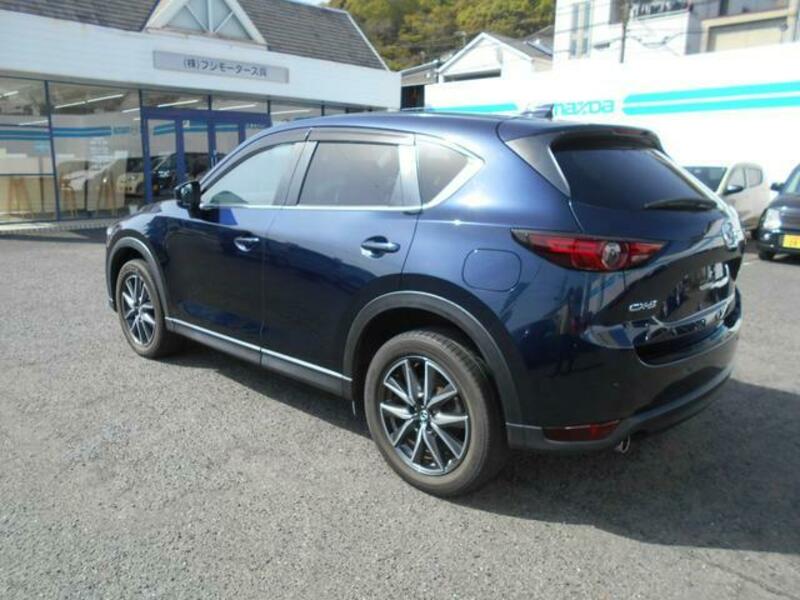 CX-5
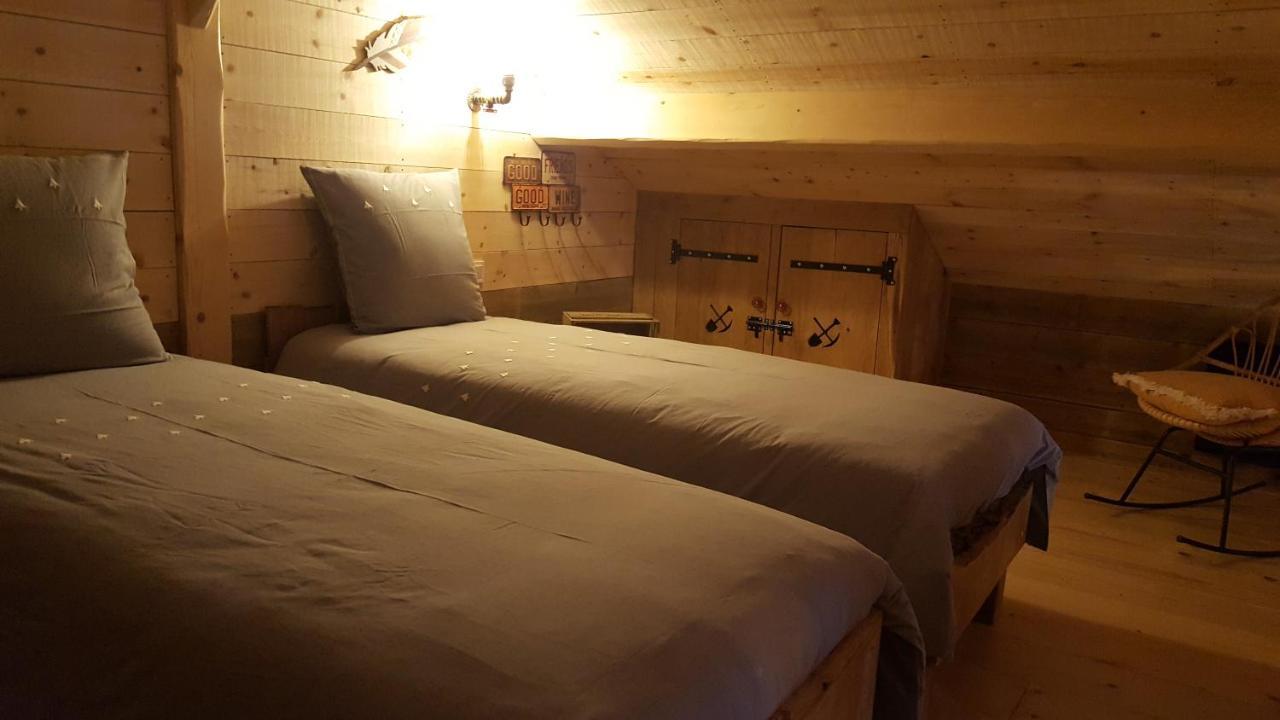 Etangs Du Moulin Hotel Suzy Eksteriør billede
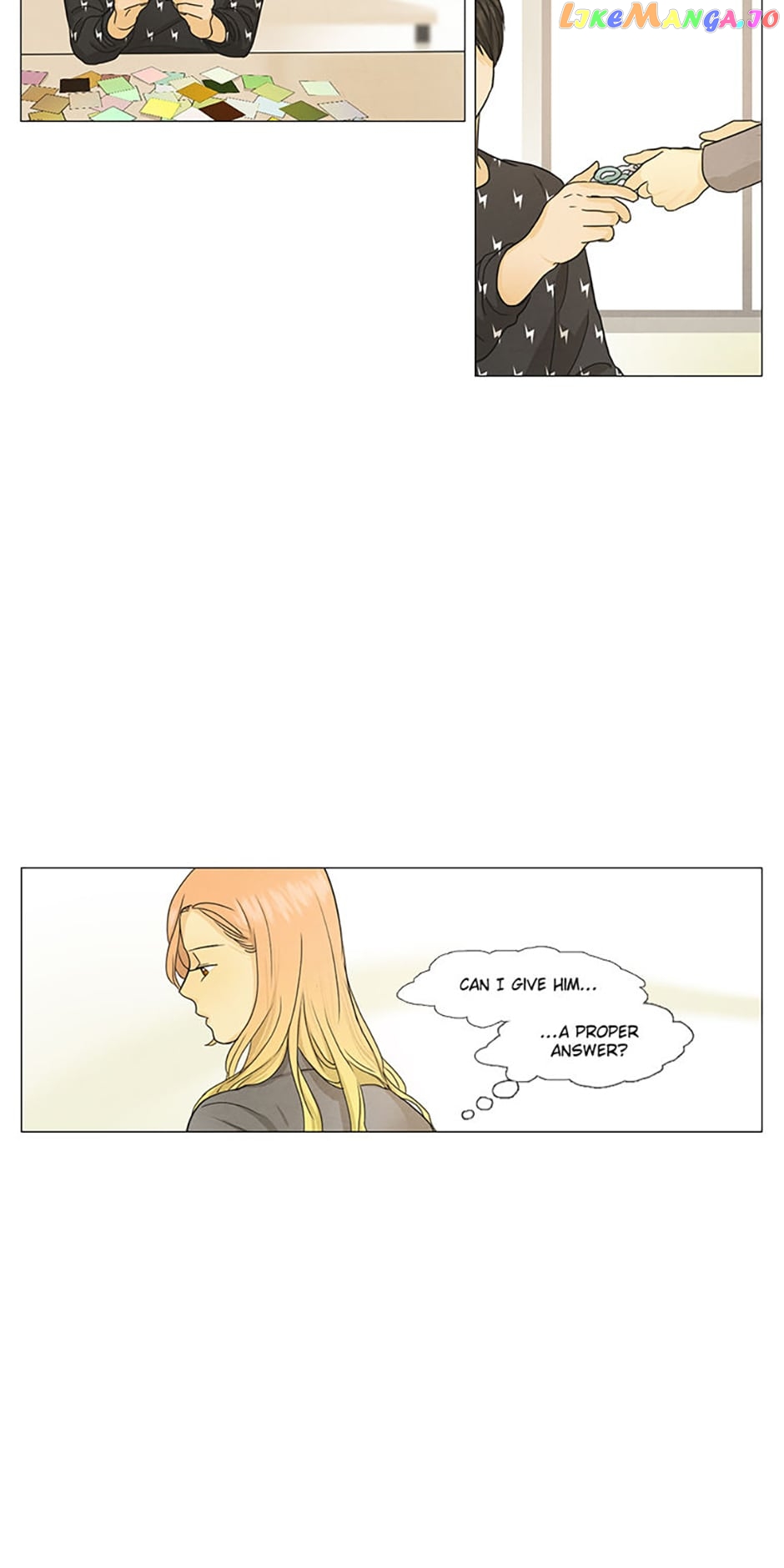 Young Love Chapter 59 - page 30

□ □ □ □ □

**EXERCISE**
Everything in the material except the pictures should be restated word for word.

**RESPONSE TO THIS EXERCISE**
 CX-5
 Etangs Du Moulin Hotel Suzy Eksteriør billede
 Young Love Chapter 59 - page 30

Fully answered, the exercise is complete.